-- RECORD EXCERPTS follows --

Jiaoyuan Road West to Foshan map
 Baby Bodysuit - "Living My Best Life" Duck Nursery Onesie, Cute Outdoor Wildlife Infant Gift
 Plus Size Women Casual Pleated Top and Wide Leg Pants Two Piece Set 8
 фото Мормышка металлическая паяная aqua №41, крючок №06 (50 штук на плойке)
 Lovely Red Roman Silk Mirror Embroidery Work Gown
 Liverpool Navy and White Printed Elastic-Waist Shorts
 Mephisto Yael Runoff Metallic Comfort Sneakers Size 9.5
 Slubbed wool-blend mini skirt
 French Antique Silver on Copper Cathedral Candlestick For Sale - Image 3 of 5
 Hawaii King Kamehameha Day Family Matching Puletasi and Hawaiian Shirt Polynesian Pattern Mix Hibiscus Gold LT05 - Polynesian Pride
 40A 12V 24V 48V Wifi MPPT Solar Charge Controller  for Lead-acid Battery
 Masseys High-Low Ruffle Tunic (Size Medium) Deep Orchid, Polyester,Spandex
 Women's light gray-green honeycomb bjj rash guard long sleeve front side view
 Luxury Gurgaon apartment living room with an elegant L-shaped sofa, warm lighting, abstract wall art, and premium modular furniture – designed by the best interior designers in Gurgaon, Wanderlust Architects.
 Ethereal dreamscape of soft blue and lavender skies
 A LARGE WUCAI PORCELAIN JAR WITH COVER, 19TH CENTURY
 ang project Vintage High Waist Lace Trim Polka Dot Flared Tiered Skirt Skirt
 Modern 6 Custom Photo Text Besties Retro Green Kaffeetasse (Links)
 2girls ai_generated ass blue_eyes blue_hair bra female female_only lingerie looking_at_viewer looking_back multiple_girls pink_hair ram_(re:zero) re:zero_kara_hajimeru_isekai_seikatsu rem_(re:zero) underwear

-- RECORD EXCERPTS concluded --

> _TASK STATEMENT_
Print the listing in full, exactly as given.

> _ANSWER SECTION_
Jiaoyuan Road West to Foshan map
 Baby Bodysuit - "Living My Best Life" Duck Nursery Onesie, Cute Outdoor Wildlife Infant Gift
 Plus Size Women Casual Pleated Top and Wide Leg Pants Two Piece Set 8
 фото Мормышка металлическая паяная aqua №41, крючок №06 (50 штук на плойке)
 Lovely Red Roman Silk Mirror Embroidery Work Gown
 Liverpool Navy and White Printed Elastic-Waist Shorts
 Mephisto Yael Runoff Metallic Comfort Sneakers Size 9.5
 Slubbed wool-blend mini skirt
 French Antique Silver on Copper Cathedral Candlestick For Sale - Image 3 of 5
 Hawaii King Kamehameha Day Family Matching Puletasi and Hawaiian Shirt Polynesian Pattern Mix Hibiscus Gold LT05 - Polynesian Pride
 40A 12V 24V 48V Wifi MPPT Solar Charge Controller  for Lead-acid Battery
 Masseys High-Low Ruffle Tunic (Size Medium) Deep Orchid, Polyester,Spandex
 Women's light gray-green honeycomb bjj rash guard long sleeve front side view
 Luxury Gurgaon apartment living room with an elegant L-shaped sofa, warm lighting, abstract wall art, and premium modular furniture – designed by the best interior designers in Gurgaon, Wanderlust Architects.
 Ethereal dreamscape of soft blue and lavender skies
 A LARGE WUCAI PORCELAIN JAR WITH COVER, 19TH CENTURY
 ang project Vintage High Waist Lace Trim Polka Dot Flared Tiered Skirt Skirt
 Modern 6 Custom Photo Text Besties Retro Green Kaffeetasse (Links)
 2girls ai_generated ass blue_eyes blue_hair bra female female_only lingerie looking_at_viewer looking_back multiple_girls pink_hair ram_(re:zero) re:zero_kara_hajimeru_isekai_seikatsu rem_(re:zero) underwear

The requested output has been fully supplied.